**ABOUT THIS TASK**
Give back exactly the lines of the material below that start at the line containing "Adecuado para Apple" and end at the line containing "Мария из Бангкока.", and no others.

**INPUT RECORDS**
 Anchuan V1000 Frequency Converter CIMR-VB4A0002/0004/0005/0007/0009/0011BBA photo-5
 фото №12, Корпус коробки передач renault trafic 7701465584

==

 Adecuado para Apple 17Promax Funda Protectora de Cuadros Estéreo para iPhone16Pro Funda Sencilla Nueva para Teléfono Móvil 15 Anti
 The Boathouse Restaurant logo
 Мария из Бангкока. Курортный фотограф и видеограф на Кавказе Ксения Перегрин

...

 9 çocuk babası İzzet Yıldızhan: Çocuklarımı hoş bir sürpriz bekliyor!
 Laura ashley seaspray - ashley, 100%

**PROBLEM SOLUTION**
 Adecuado para Apple 17Promax Funda Protectora de Cuadros Estéreo para iPhone16Pro Funda Sencilla Nueva para Teléfono Móvil 15 Anti
 The Boathouse Restaurant logo
 Мария из Бангкока. Курортный фотограф и видеограф на Кавказе Ксения Перегрин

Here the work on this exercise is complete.